Dagegen ist der Deutsche Beamtenbund. Der Vorstoß der FDP impliziere dass kein Mensch in der Verwaltung Englisch spricht, und jene, die es vielleicht könnten, sich beharrlich weigern, sagte Sprecherin Britta Ibald dem Tagesspiegel.

„Das ist nicht nur schlichtweg falsch, sondern eine ziemlich unverschämte Unterstellung. Natürlich ist es nicht überall Oxford-Niveau, aber Englisch ist nicht zuletzt aufgrund der veränderten Schul- und Ausbildung mittlerweile durchaus gelebte Verwaltungspraxis.“ In der Praxis sei es außerdem so, dass Arabisch, Farsi und Französisch gefragt seien.

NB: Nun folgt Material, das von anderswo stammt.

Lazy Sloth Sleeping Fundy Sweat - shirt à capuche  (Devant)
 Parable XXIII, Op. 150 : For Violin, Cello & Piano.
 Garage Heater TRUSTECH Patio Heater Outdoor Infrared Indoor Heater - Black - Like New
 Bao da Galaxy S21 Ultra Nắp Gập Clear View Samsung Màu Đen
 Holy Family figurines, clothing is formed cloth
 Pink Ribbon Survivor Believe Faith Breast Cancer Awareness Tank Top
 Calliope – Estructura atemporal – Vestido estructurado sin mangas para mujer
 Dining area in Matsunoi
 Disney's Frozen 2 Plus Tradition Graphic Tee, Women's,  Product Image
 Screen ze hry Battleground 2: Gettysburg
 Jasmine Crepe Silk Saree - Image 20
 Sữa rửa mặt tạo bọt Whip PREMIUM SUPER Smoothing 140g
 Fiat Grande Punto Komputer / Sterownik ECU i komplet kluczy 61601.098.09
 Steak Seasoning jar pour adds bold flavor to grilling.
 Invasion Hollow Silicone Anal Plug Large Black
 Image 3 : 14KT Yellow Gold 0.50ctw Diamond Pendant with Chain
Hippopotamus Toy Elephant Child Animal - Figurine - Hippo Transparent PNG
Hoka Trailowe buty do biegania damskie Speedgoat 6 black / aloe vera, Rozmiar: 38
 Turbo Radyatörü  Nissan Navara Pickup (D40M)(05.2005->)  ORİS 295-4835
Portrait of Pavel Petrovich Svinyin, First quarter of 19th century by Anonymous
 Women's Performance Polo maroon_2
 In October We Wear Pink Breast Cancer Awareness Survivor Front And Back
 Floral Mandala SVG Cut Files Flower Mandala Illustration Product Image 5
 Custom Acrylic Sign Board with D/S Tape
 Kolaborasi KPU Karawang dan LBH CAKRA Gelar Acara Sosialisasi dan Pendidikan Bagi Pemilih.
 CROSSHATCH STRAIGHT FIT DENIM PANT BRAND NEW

„Ein pauschales Englisch-Gebot hilft uns nicht weiter. Dass wir keine Fachkräfte gewinnen, weil der Staat angeblich nicht genug Englisch spricht, ist eine Behauptung, die faktisch überhaupt nicht belegt ist.“ Sie kritisiert auch FDP-Chef Christian Lindner. „Wenn der Bundesfinanzminister sagt, gerade gibt es kein Geld für Investitionen, dann betrifft das eben auch unmittelbar die Beschäftigten und ihre Qualifikationen.“

Auch die Grünen zeigen wenig Begeisterung

Bei den Grünen bleiben Begeisterungsstürme ebenfalls aus. „Die dringend benötigte Arbeitskräfte-Einwanderung erreichen wir nicht durch zusätzliche Amtssprachen.
Nachhaltig erfolgreiche Migration liegt in der Praxis häufig in qualitativ hochwertiger Betreuung und Beratung von Migrantinnen und Migranten sowohl in den Herkunftsländern als auch im Inland. Darauf müssen wir uns konzentrieren“, sagte Misbah Khan, Mitglied des Ausschusses für Inneres und Heimat, dem Tagesspiegel. Für eine zweite Behördensprache spricht sich der Sachverständigenrat für Migration und Integration aus: „Wir sind so stolz auf die Fremdsprachenkenntnisse, die bei uns gelehrt werden, warum diese nicht auch in den Behörden zum Einsatz bringen? Wenn es uns gelingt, eine gemeinsame Sprache zu finden, gelingt es uns sicher auch mehr Arbeitskräfte und mehr Integration zu erreichen“, sagte Birgit Leyendecker vom SVR im Gespräch mit dem Tagesspiegel.